Having the Right People in Place Makes a Difference

Ideally, a good maintenance vertical should have a strong leadership team, established reporting structure, clear job descriptions, and a balanced vendor matrix.

Strong Leadership – Even the most tightly run properties have issues with vendors. Often, it’s not about whether you have issues, but how you manage them. Processes should be in place to closely manage each vendor to ensure that the property is getting the most for its money. The right person also is someone who can communicate on the vendor and corporate levels.

Established Reporting Structure and Job Descriptions – Maintenance personnel should be clear on who they are reporting to and how they are to be held accountable. Many properties have a staff that’s built around a catch-all philosophy. While they may be effective in some cases, a more structured team will always outperform.

Balanced Vendor Matrix – A good vendor matrix should include primary and secondary vendors for each type of maintenance category – plumbing, heating and air, appliances, flooring, etc. If you don’t, you are not ready to do maintenance.

Processes that Move Efficiently Create Opportunities

An effective maintenance program has streamlined processes that leverage revenue opportunities and keep costs down. A good process will create and identify revenue streams, establish business development strategies and enable proper execution of the plan. Effective execution may mean the difference whether you gain or lose trust with the client.

Streamlining Processes – Determine when the clock starts ticking on a job for an owner. Usually, it’s when the job is dispatched. If your processes are not tight, you will lose the bill. Be clear when that expense starts accumulating and who is going to pay for it.

Revenue Streams – Service requests, preventative maintenance, turnovers and inspections are revenue streams. If you are offering opportunities for doing additional interim inspections, you are missing opportunities for additional revenue. Be sure to break down the types of maintenance you’re doing.

Establish Business Development Strategy – Document and put timing around your strategy. Determine how much revenue and profit could be generated. A good strategy will enable a company to build trust with the owners and create long-term business relationships.

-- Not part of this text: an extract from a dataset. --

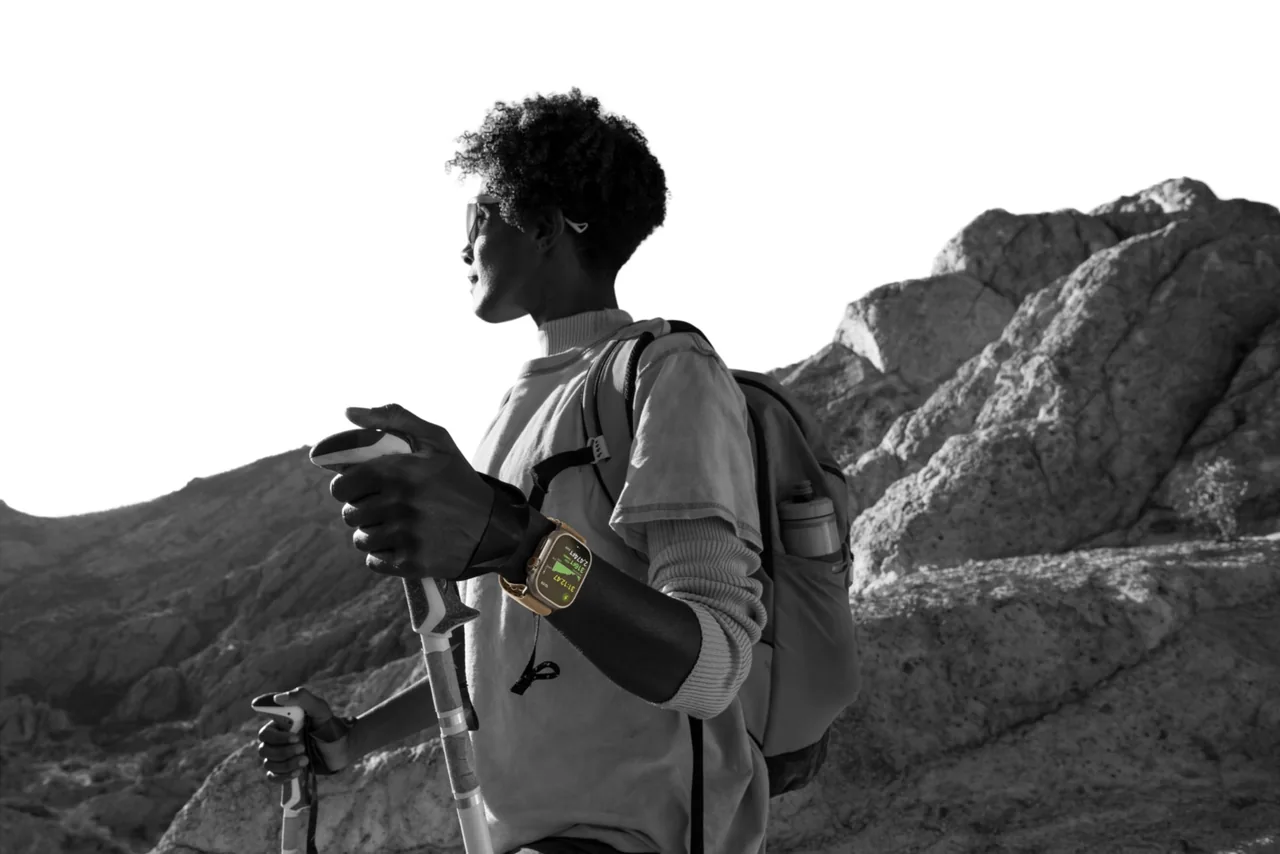 Турист с Apple Watch Ultra 4 и треккинговыми палками в горах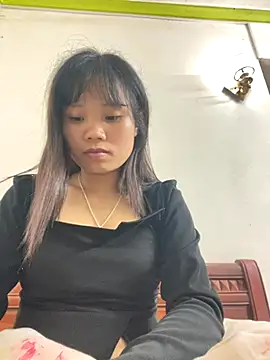 Snapshot of Ngoc-bbi chatting on 09-12-25, 04:51 Ngoc-bbi online show from 09-12-25, 04:51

Execute Your Plan – Standardized pricing and vendor agreements are key components to executing a maintenance plan to owners. Take the time to create pricing structures based on how much time it takes to do the job. Include pricing for multiple tasks—replacing five ceiling fans instead of one, for example—and balance the rate. Investing time up front will make executing your maintenance plan easier down the line.

Technology is the Right Tool for Maintenance Programs

There is a difference between executing a process and a tool. Technology should be a tool to allow you to execute a process. If not properly rolled out, technology can work against you by creating increased workloads. It’s like hammering a nail with a wrench. Usually, that takes twice as much work as using a hammer. If you look for right technology tools to execute your business strategy, you will win.

Streamline Current Propertyware Methods – If you’re managing properties, you’re handling maintenance. Maintenance five years ago is completely different than where we are today. Owner and tenant expectations along with city and state compliance have all changed. Robust software platforms, like Propertyware, provide the right technology for companies to navigate through the changing maintenance arena. Understanding and setting up proper workflows in Propertyware will help make day-to-day maintenance issues much easier to handle for all parties involved.

Propertyware Maintenance – Propertyware maintenance is about managing ALL aspects of maintenance, including service requests, capital improvements, turnovers, and more. In the end, you will not only want to be able to track each task from the very beginning through to the very end of the project, you will also want to know how much time and money was made or lost and which vendors delivered.